How the California Supreme Court Leans
If you’ve been reading recent HR and employment law newsletters, you know that the California Supreme Court just cracked down on employers who classify individuals as independent contractors—as opposed to hiring them as employees.
The newsletters describe the new stringent “ABC “test necessary for employers to prove to defend their classification of an individual as a contractor.
Under this new ABC test, a worker will be presumed to be an employee unless the employer provides proof of all the following prongs:
- (A) That the worker is free from the control and direction of the hirer in connection with the performance of the work, both under the contract for the performance of such work and in fact;
- (B) That the worker performs work that is outside the usual course of the hiring entity’s business; and
- (C) That the worker is customarily engaged in an independently established trade, occupation, or business of the same nature as the work performed for the hiring entity.
Evaluating the Risk
The government’s interest is in collecting taxes and protecting employees by requiring workers’ compensation insurance.

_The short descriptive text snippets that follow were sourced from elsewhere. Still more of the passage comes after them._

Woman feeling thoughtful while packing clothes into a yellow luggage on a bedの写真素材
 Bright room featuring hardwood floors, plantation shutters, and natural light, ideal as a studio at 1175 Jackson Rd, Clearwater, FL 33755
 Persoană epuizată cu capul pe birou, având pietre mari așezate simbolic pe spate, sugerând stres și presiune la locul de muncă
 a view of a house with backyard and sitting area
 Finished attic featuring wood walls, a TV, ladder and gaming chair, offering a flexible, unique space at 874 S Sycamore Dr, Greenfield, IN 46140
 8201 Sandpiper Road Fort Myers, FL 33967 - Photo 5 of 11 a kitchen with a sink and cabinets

That is why the presumption is that an individual is an employee. Given the new stance of the Court, now it will be far more difficult to prove the independent contractor classification.
In the past, when asked if an individual could be classified as an independent contractor, I answered that the person was probably an employee. In light of this ruling, that advice is doubly true.
Whatever savings you achieve in benefits, overtime, and taxes, they pale in comparison to the fines and legal costs you’ll face if you don’t have the “ABC” proof necessary to defend your decision.